Congregation Kol Tikvah in Parkland will host what is anticipated to be an enlightening and moving Erev Tisha B’Av service on July 31 at 7:30 p.m.
Tisha B’Av is an annual holy day commemorating the destruction of the First and Second Temples in Jerusalem. It has been called “the saddest day in Jewish history” and it also one of general mourning for the numerous catastrophes that have coincidentally befallen Jews on the ninth of Av.
Cantor Malcolm Arnold of Kol Tikvah, a Reform synagogue, will lead this upcoming service. Arnold said the congregation began hosting this Tisha B’Av service eight years ago and that it is something most Reform synagogues don’t observe. As far as the look of the service, he said it won’t be much different than a Friday evening Shabbat service.

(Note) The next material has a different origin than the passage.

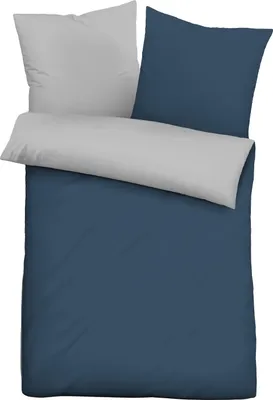 Produktbild von Mikrofaser-Wendebettwäsche - Blau - Silberfarben - 155 x 220 cm - mit Reißverschluss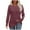 Purple, variant on Summer Clear Women's Clothing Solid Color Spring And Winter Base T-shirt With Grooves Brushed Long Sleeves V-neck Button Up Top/shirt Classic-Fit Long-Sleeve T-Shirt (Available in Plus Size)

“I will be leading the service by myself, both doing the music and readings, but what we’ve done is we’ve incorporated a lot of the traditional ingredients of a Tisha B’Av service. Because it’s not an Orthodox type of service, we don’t observe some of the customs of sitting on the floor or on boxes as if you’re in a house of mourning. We do dim the lights and we do minimize the socializing in that it is a sad holiday, but it is a sad holiday with a message of reconstruction of almost celebrating the fact that despite the numerous tragedies that we’ve faced as a people, we are still here, which is quite unique.”

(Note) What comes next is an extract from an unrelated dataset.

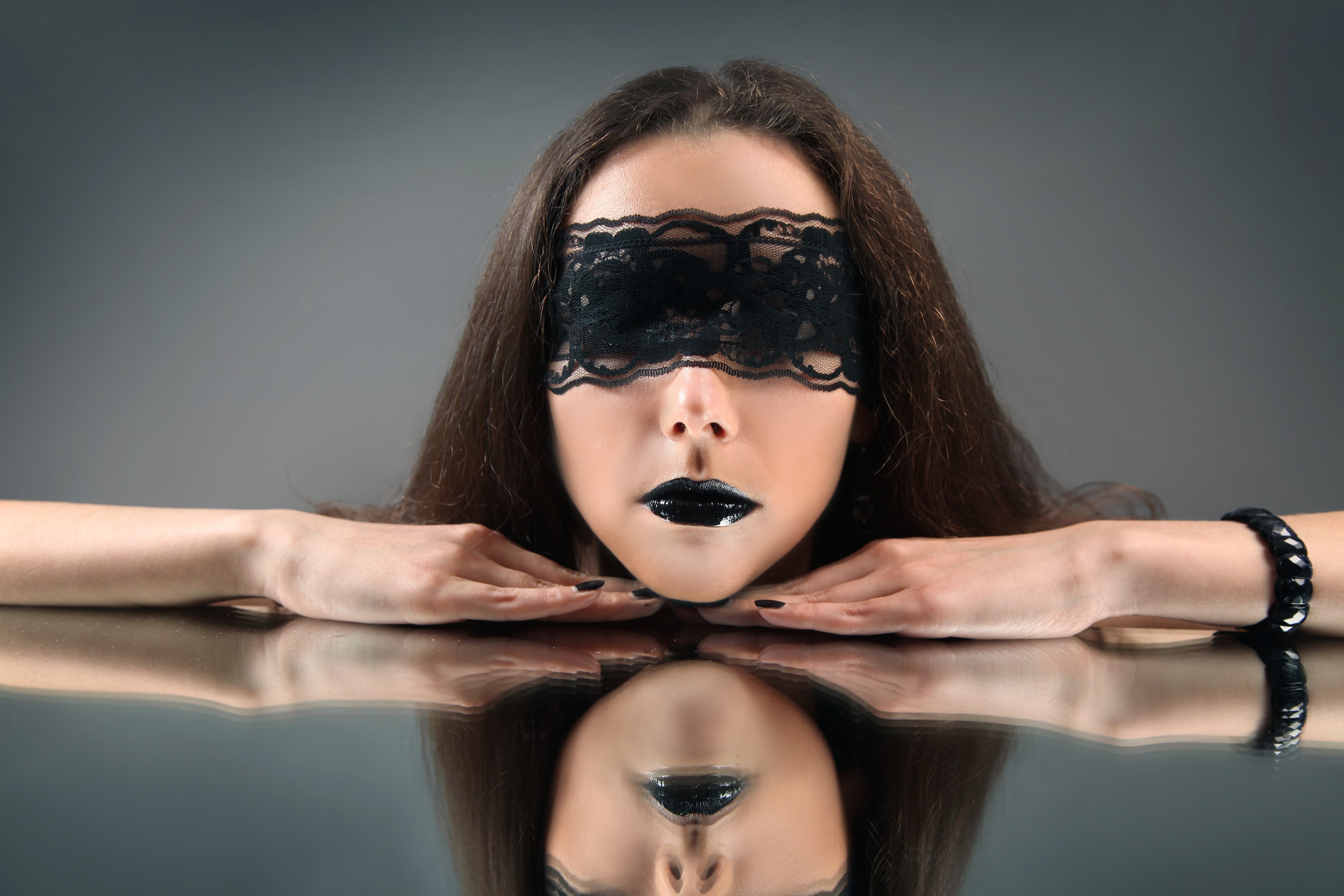 Woman with black lace mask and lipstick HD Wallpaper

Arnold said there are several things that people can take away from attending the service.
“I think we need to show respect and empathy for those who have died in honor of Judaism or by just the fact they were born to be Jews and suffered consequences at the hands of history. I think it’s important to remember that.”
Arnold continued, “It’s also a significant holiday on the calendar, whether we believe in all the ambitions of the holiday to rebuild the Temple.
We don’t particularly believe in that, but we do see that it’s worth immersing ourselves in. It is the same way in which we study the Book of Leviticus, which is mostly information dealing with the temple cult. It doesn’t exist anymore but we still study it because it’s part of who we are and part of our history.”
Arnold concluded, “We need to look at this holiday in the perspective of Reform Judaism.”
Jennifer Levin-Tavares, the congregation’s executive director, said, “Holding a Tisha B’Av Service does set Kol Tikvah apart because most Reform congregations don’t actively mark this holiday.”
“Judaism is about remembering moments in our history and giving them meaning in modern times,” she continued. “Recalling the destruction of the original Temples can be related to the desecration and destruction of sacred places that is happening in many parts of the world today.”
Levin-Tavares concluded, “It is important to be mindful of these tragedies because it helps us appreciate what we do have, to be empathetic and understanding towards others who are suffering, and to be motivated to help repair the world (tikkun olam).”
Arnold noted, regarding the importance of hosting this service with the current rise of anti-Semitism in the world, “It certainly brings to mind that this is nothing new and the fact that we see that again, we’re still here despite the animosity and prejudice that has been shown to Jews over the centuries and that the bigger picture is that we seem to be protected by our God and that we have a mission.
We hope that through education, people will understand our message and perhaps reach peace with other people.”